Más o menos etimológicamente, “discutir” vendría a valer por discurrir, argumentar o, simplemente, hablar acerca de algo, y sin embargo, de hecho, se ha vuelto un equivalente de disputarse, o hasta de pelearse. ¿Por qué, para defender “tomas de postura” o “jucios de valor”, habría necesariamente que vociferar? ¿Por qué este adjetivo “vociferante” parece venir él solito tan pronto como es cuestión –qué casualidad– precisamente de la lengua? ¿Por qué tantos de nuestros compatriotas sienten hoy esa especie de fobia (que a veces es miedo, otras odio, a menudo ambas cosas) ante la discusión, ante la perspectiva de que cada cual explique sus ideas, su “tomas de postura”, sus “jucios de valor”? ¿Por qué tantas ganas de imponerse cueste lo que cueste, y a la vez esa insuperable pereza ante la idea misma de disponerse a discutir tranquilamente pero de verdad ? ¿Por qué, en fin, esa indisposición moral para el libre y desapasionado examen de los asuntos?
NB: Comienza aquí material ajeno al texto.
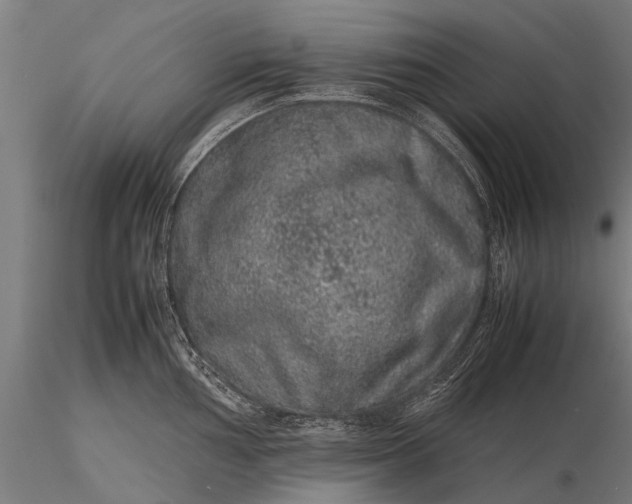 X0000116101002200912071255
A propósito precisamente de “ética de la discusión” (sobre la que, con mayor o menor acierto, ha venido teorizando Jürgen Habermas desde los años setenta), quisiera aprovechar para recordar que, como todos deberíamos saber, el mejor ejemplo práctico, real y concreto de esas “teorías del consenso”, casi como si se las hubiera querido aplicar avant la lettre, no fue otro que el de nuestra transición, la cual cada día que pasa se nos aparece más como un prodigio irrepetible. Y, en el mismo viaje, pregunto si no deberíamos estar aunque sólo sea un poquito agradecidos por alguna cosa que hicieron (o en la que colaboraron decisiva, crucialmente) don Adolfo y don Juan Carlos.